0

We have ~20000 folders stored on our LAN in a master folder I'll call "folder" these are subdivided into groups of 1000 in folders named 1000-1999, 2000-2999 etc... if a folder exists - say 5416, I want to return a link to it.

My question is:

Originally I was spinning through the items in "folder", if they were a directory, I exploded the current folder name to obtain lower and upper bounds, compared whether the folder I was searching for (5416) fell within the upper and lower bounds of the current folder and checked to see if 5416 existed within it.

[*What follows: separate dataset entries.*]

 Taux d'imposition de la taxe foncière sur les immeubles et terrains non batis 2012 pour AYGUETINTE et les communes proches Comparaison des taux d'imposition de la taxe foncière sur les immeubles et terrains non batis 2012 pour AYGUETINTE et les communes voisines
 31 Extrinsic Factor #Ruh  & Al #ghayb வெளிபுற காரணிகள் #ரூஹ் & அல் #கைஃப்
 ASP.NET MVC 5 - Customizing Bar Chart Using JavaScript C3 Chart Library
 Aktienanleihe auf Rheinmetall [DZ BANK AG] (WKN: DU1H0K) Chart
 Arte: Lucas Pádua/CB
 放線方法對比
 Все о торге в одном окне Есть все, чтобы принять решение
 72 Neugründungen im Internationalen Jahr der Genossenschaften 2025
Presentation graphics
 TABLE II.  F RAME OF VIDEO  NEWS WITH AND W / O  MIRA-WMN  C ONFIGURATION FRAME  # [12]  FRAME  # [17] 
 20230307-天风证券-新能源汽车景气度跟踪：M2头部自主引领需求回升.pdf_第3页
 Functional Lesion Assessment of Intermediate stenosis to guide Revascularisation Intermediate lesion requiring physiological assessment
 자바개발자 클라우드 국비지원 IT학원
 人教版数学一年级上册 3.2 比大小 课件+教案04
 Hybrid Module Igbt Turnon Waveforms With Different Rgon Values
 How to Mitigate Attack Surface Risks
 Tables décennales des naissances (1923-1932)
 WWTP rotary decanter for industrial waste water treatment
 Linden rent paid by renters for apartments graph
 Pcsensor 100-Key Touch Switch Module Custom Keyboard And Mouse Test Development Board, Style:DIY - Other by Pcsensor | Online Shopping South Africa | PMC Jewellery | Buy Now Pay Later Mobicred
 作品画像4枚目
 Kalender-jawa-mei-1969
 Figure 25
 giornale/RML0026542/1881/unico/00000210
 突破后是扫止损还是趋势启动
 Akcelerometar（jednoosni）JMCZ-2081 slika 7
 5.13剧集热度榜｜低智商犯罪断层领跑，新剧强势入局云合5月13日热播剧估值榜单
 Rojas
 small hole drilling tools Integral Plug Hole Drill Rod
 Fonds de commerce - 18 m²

I'm not having any performance issues but it occurred to me that maybe exploding the strings and doing the comparisons was more computationally expensive than just using PHP's file_exists.

Thoughts?

user294382
  • 1,709
  • 3
  • 10
  • 8
  • 1
    If I was in your position I'd throw together a quick benchmark and see what the results were. My gut tells me the difference will be rather minimal. – Mike Nov 01 '13 at 16:38
  • First do it, then do it right, then do it better. But it has a cost : time. – qdelettre Nov 01 '13 at 16:39
  • If the folders are all consistent with the naming, it might be faster to just replace the `416` in `5416` with `000` (simple to do by converting to an integer and subtracting `5416 % 1000`), convert back to string and append `-5999` and then just compare the name of each folder to that value. Something along the lines of `$folderToFind = '5416'; $tmp = intval($folderToFind); $tmp = $tmp - ($tmp % 1000); $bounds = ''.$tmp.'-'.($tmp + 999);` – jonhopkins Nov 01 '13 at 16:41
  • You could time which of the options is faster by using one of the methods mentioned in this question: http://stackoverflow.com/questions/21133/simplest-way-to-profile-a-php-script – Joren Nov 01 '13 at 16:42
  • Thanks for the comments/answers. Mike, I should run a benchmark, though I'm new at this and suspect my benchmark itself will contaminate the result. Timestamp before/after worst case- folder = 20000+ search? jonh - I see what you're saying but don't think what your suggesting would improve things measurably unless everything was in RAM. – user294382 Nov 01 '13 at 21:27

1 Answers1

0

file_exists() should be a very inexpensive operation. Note too that file_exists builds its own cache to help with performance.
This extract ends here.